● Assignment: Since pictures are not wanted in the copy, output only the rest of each record exactly.

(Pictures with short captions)
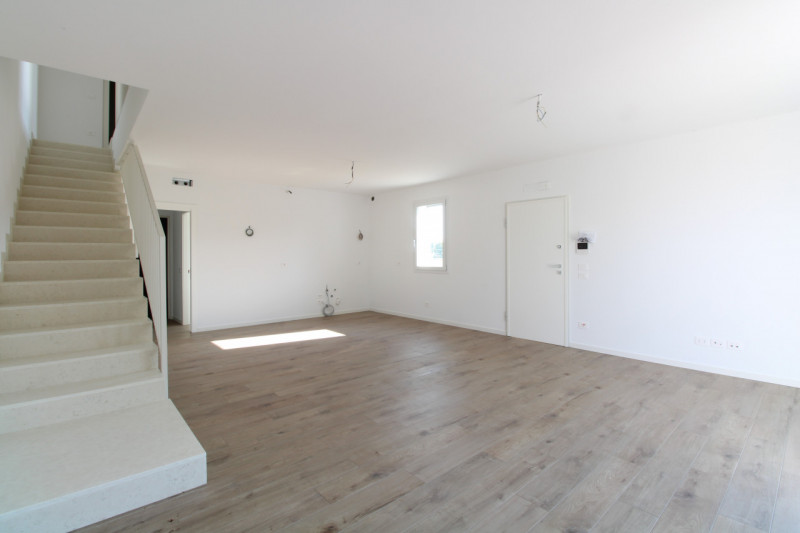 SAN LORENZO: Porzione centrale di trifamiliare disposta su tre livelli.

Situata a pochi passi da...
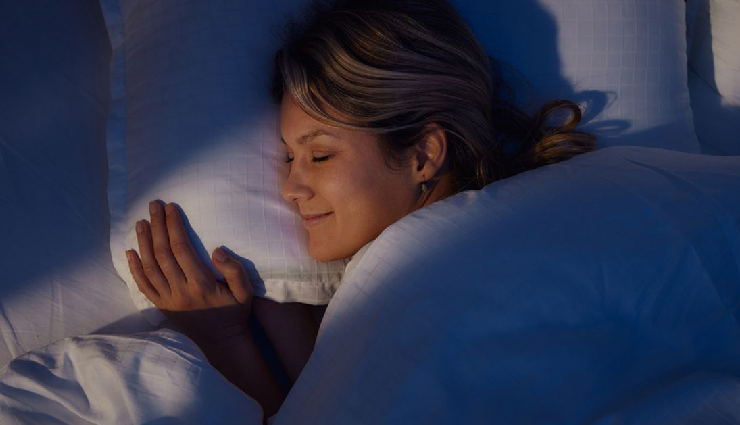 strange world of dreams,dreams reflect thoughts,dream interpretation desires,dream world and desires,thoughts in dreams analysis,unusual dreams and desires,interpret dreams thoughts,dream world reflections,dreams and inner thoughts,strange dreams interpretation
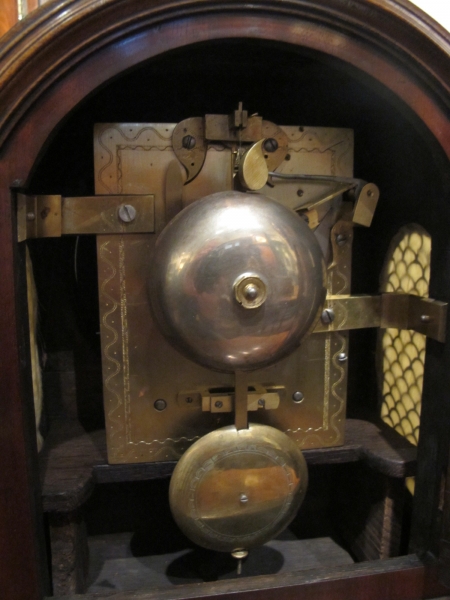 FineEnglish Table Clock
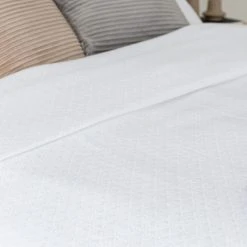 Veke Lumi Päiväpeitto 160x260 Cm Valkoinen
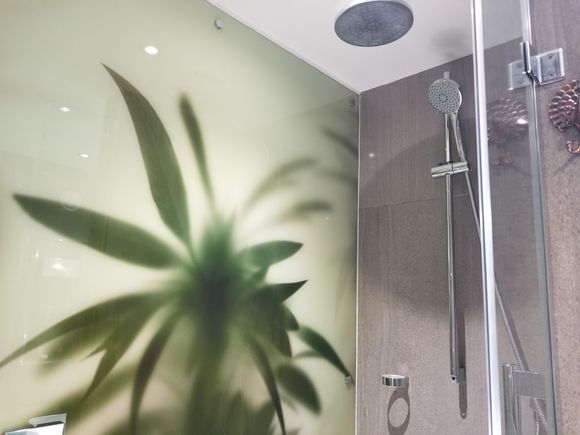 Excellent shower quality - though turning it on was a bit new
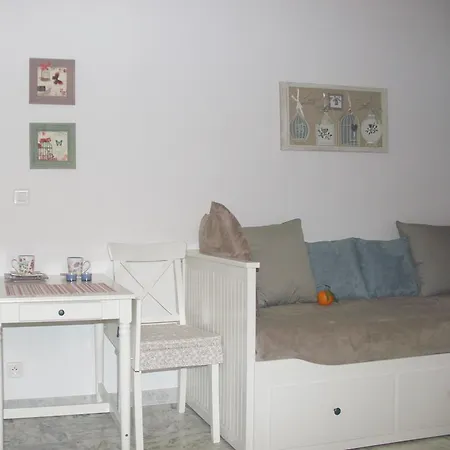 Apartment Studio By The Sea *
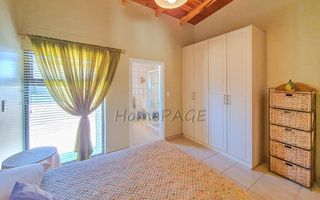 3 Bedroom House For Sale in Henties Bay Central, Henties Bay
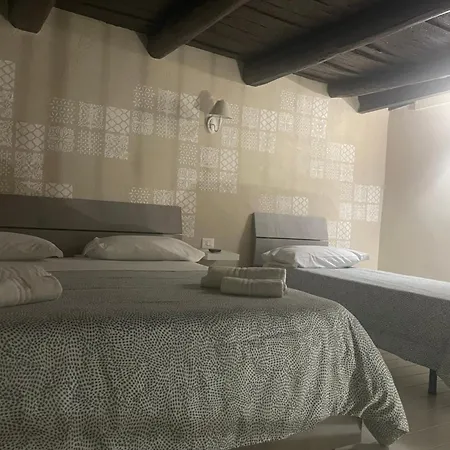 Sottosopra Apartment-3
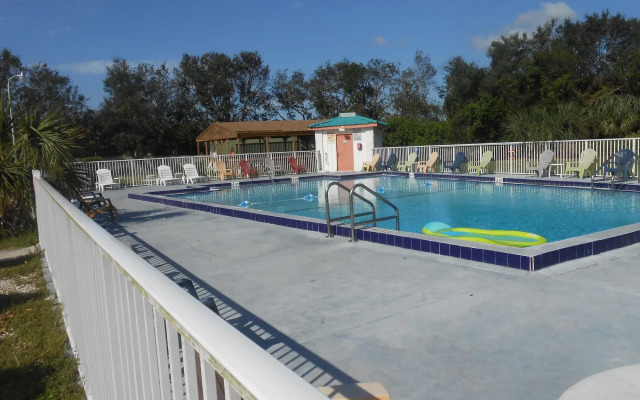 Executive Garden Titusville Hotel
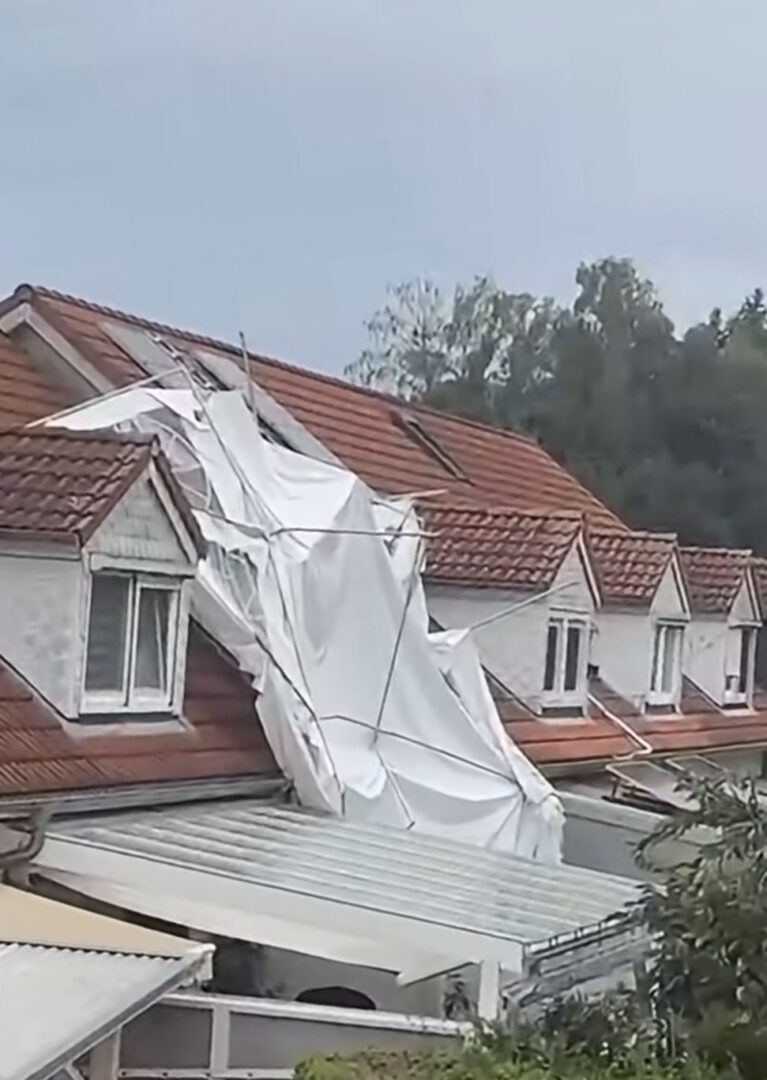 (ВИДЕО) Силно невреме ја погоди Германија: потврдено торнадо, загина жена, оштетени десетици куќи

● Answer section:
 SAN LORENZO: Porzione centrale di trifamiliare disposta su tre livelli.

Situata a pochi passi da...
 strange world of dreams,dreams reflect thoughts,dream interpretation desires,dream world and desires,thoughts in dreams analysis,unusual dreams and desires,interpret dreams thoughts,dream world reflections,dreams and inner thoughts,strange dreams interpretation
 FineEnglish Table Clock
 Veke Lumi Päiväpeitto 160x260 Cm Valkoinen
 Excellent shower quality - though turning it on was a bit new
 Apartment Studio By The Sea *
 3 Bedroom House For Sale in Henties Bay Central, Henties Bay
 Sottosopra Apartment-3
 Executive Garden Titusville Hotel
 (ВИДЕО) Силно невреме ја погоди Германија: потврдено торнадо, загина жена, оштетени десетици куќи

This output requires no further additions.